[THE RECORDS Boundary: Start]

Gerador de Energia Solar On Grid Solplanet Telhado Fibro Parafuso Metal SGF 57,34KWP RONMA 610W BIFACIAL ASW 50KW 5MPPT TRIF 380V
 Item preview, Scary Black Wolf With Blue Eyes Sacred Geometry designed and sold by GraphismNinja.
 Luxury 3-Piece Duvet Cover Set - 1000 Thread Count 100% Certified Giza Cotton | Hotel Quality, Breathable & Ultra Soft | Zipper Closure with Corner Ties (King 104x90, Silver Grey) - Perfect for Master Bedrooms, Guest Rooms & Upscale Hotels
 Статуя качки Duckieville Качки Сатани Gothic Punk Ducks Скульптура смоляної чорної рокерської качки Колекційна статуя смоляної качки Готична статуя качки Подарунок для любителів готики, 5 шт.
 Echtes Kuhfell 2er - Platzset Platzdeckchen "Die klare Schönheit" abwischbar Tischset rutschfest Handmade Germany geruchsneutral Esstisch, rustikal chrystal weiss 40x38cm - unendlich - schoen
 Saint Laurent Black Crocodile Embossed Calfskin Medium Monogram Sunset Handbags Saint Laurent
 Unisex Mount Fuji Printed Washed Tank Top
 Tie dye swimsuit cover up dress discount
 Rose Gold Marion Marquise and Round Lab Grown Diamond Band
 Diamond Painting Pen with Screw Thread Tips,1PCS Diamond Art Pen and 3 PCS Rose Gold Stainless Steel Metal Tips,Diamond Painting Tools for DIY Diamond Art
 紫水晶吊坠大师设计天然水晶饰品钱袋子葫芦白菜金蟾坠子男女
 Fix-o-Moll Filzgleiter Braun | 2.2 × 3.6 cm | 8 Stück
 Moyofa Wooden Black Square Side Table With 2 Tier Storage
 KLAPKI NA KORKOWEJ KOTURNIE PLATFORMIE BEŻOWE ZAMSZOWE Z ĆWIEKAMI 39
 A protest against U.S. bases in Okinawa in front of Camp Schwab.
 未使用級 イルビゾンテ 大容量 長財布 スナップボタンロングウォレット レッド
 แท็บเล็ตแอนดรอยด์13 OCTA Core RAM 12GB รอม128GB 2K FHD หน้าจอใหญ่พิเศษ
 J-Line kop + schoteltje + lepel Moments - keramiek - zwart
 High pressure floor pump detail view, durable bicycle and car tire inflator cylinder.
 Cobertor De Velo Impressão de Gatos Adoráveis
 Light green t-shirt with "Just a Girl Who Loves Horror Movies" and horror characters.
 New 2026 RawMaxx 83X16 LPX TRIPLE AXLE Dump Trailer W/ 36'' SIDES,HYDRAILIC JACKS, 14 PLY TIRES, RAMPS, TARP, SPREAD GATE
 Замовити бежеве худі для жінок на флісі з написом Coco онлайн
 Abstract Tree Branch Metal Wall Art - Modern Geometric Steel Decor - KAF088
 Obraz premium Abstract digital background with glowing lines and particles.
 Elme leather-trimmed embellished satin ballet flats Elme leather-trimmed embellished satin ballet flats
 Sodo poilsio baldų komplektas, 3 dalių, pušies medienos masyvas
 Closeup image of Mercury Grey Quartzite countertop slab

[THE RECORDS Boundary: End]

DESCRIPTION OF THE TASK: Print exactly, and only, the lines running from the one that contains "A protest against" to the last line of the records above.

ANSWER FOR THIS EXERCISE:
 A protest against U.S. bases in Okinawa in front of Camp Schwab.
 未使用級 イルビゾンテ 大容量 長財布 スナップボタンロングウォレット レッド
 แท็บเล็ตแอนดรอยด์13 OCTA Core RAM 12GB รอม128GB 2K FHD หน้าจอใหญ่พิเศษ
 J-Line kop + schoteltje + lepel Moments - keramiek - zwart
 High pressure floor pump detail view, durable bicycle and car tire inflator cylinder.
 Cobertor De Velo Impressão de Gatos Adoráveis
 Light green t-shirt with "Just a Girl Who Loves Horror Movies" and horror characters.
 New 2026 RawMaxx 83X16 LPX TRIPLE AXLE Dump Trailer W/ 36'' SIDES,HYDRAILIC JACKS, 14 PLY TIRES, RAMPS, TARP, SPREAD GATE
 Замовити бежеве худі для жінок на флісі з написом Coco онлайн
 Abstract Tree Branch Metal Wall Art - Modern Geometric Steel Decor - KAF088
 Obraz premium Abstract digital background with glowing lines and particles.
 Elme leather-trimmed embellished satin ballet flats Elme leather-trimmed embellished satin ballet flats
 Sodo poilsio baldų komplektas, 3 dalių, pušies medienos masyvas
 Closeup image of Mercury Grey Quartzite countertop slab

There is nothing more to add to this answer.